### INSTRUCTIONS TO FOLLOW
For the records below, print the lines from the line with "2006 Cadillac CTS-V" through the line with "All items used" exactly as written; include both end lines and exclude the rest.

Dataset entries
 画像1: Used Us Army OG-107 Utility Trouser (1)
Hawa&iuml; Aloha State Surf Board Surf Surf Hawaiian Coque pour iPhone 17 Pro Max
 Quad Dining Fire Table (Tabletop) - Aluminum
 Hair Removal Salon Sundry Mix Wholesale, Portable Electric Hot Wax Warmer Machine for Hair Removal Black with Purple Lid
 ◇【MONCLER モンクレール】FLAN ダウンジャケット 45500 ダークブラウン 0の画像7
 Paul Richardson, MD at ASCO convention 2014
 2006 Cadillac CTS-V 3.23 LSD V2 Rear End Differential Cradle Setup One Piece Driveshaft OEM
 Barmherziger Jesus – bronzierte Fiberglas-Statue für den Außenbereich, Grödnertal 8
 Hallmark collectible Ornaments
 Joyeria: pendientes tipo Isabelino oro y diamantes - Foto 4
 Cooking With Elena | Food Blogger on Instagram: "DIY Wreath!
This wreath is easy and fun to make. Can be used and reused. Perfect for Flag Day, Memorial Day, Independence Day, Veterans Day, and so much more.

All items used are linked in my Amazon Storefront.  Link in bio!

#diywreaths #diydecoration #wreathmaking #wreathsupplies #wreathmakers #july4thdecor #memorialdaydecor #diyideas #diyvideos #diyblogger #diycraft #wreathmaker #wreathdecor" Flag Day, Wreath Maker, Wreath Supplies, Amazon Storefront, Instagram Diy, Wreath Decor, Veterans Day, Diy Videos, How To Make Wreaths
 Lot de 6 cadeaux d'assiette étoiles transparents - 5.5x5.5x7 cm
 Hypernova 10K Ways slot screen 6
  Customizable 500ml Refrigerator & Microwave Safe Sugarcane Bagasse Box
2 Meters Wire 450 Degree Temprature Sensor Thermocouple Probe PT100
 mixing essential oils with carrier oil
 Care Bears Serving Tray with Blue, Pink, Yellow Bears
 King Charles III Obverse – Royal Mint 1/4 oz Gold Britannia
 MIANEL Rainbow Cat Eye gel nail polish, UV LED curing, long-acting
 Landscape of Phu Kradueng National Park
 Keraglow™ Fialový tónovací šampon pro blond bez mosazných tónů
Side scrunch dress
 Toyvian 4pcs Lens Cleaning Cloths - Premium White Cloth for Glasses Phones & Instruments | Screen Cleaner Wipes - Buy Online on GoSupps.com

### OUTPUT
 2006 Cadillac CTS-V 3.23 LSD V2 Rear End Differential Cradle Setup One Piece Driveshaft OEM
 Barmherziger Jesus – bronzierte Fiberglas-Statue für den Außenbereich, Grödnertal 8
 Hallmark collectible Ornaments
 Joyeria: pendientes tipo Isabelino oro y diamantes - Foto 4
 Cooking With Elena | Food Blogger on Instagram: "DIY Wreath!
This wreath is easy and fun to make. Can be used and reused. Perfect for Flag Day, Memorial Day, Independence Day, Veterans Day, and so much more.

All items used are linked in my Amazon Storefront.  Link in bio!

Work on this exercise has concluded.